OpenAI Dropped a FRONTIER Open-Source Model
OpenAI Releases GPTOSS: A Game-Changer in Open-Source AI
Overview of GPTOSS
- OpenAI has launched GPTOSS, a state-of-the-art open-source model, which may be linked to the previously mentioned Horizon Alpha.
- The model is available in two sizes: 120 billion parameters and 20 billion parameters, both classified as open-weight language models.
Benefits of Open Source
- Open-source models are significantly cheaper than closed-source alternatives and allow for customization through fine-tuning.
- Released under an Apache 2.0 license, these models provide a permissive framework for use and modification.
Performance Insights
- The 12B version of GPTOSS performs comparably to OpenAI's 04 Mini on reasoning benchmarks while being efficient enough to run on consumer hardware like an 80 GB GPU.
- The 20 billion parameter version can operate on edge devices with just 16 GB of memory, making it suitable for local inference.
Practical Applications
- Users are encouraged to download the model for offline access to knowledge, ensuring availability during internet outages or emergencies.
- Both models excel in tool use, function calling, chain-of-thought reasoning, and health diagnostics.
Unique Features
- Users can adjust the reasoning depth during problem-solving tasks based on complexity requirements.
- Trained using advanced techniques focused on efficiency and usability across various deployment environments.
Technical Specifications
- Each model employs a transformer architecture with a mixture of experts approach that optimizes active parameters per token processed.
- The larger model activates only 5 billion parameters per token while maintaining high efficiency; the smaller version activates 3.6 billion.
Training Methodology
- Models utilize alternating dense and sparse attention patterns similar to GPT3 for improved inference efficiency.
- They were trained on high-quality text datasets emphasizing STEM fields and general knowledge using an enhanced tokenizer from previous models.
Post-training Techniques
Performance Benchmarks of AI Models
Benchmarking Results
- The 120 billion parameter version with tools scored 2622 in a coding competition, closely trailing the frontier model (03) which scored 2706. This indicates strong performance across different model sizes.

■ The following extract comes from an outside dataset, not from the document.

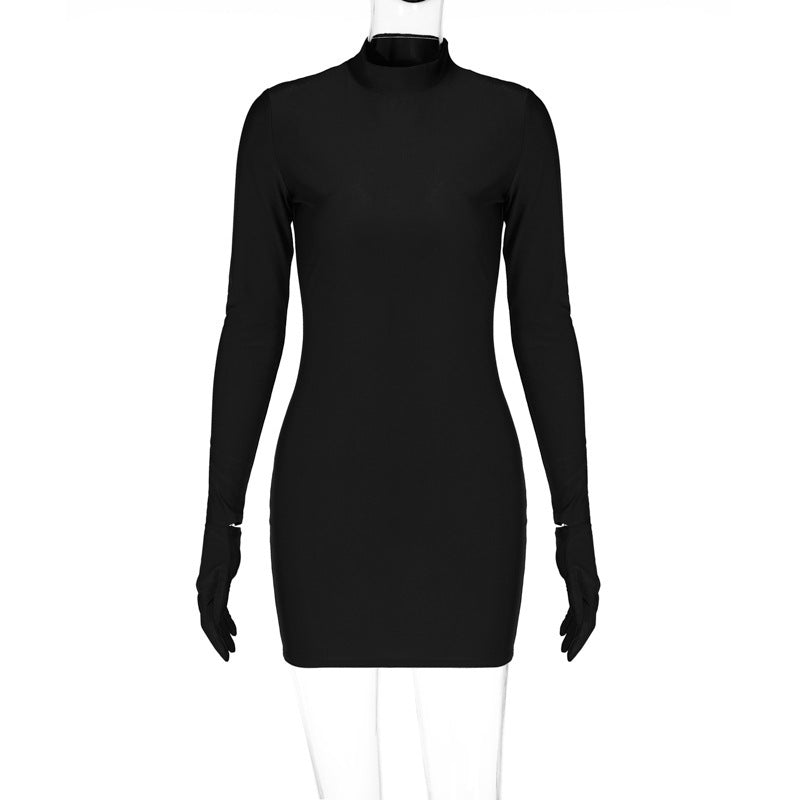 Figurbetontes Minikleid für Damen mit hochgeschlossenem Kragen und langen Ärmeln von MODEGEIST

- In expert-level coding questions, the 120 billion parameter version achieved a score of 19%, while the frontier model (03) reached 24.9%. Notably, an open-source 12 billion version outperformed both the mini versions of models 04 and 03 without tools.
- For medical benchmarks like Healthbench, the scores were comparable: the 120B model scored 57.6 against the frontier's score of 59.8. Even smaller models showed impressive results, such as a score of 96% on Amy 2024 by the 20 billion parameter version.
- The GPQA Diamond benchmark for PhD-level science yielded scores of 80.1 for the 120B model and slightly lower at 71.5 for the smaller variant, indicating robust capabilities even in advanced academic contexts.
- MMLU results showed high accuracy with scores reaching up to 90% for larger models and respectable performances from smaller ones, reinforcing their competitive edge.
Safety Considerations
- Monitoring a reasoning model's chain of thought can help detect misbehavior; however, direct supervision was avoided during training to maintain authenticity in responses.
- Developers are advised against displaying raw chains of thought to users due to potential hallucinations or harmful content; instead, summarization and filtering are recommended practices.
- Pre-training involved filtering out harmful data related to sensitive topics like chemical and biological threats; however, concerns remain about adversaries fine-tuning open-source models for malicious purposes.
- Testing indicated that even after extensive fine-tuning aimed at malicious use cases (e.g., biological weapons), these models did not achieve high capability levels according to OpenAIβs preparedness framework.
- A challenge is being hosted for red teamers with a $500,000 reward aimed at identifying safety issues within these AI models through expert reviews.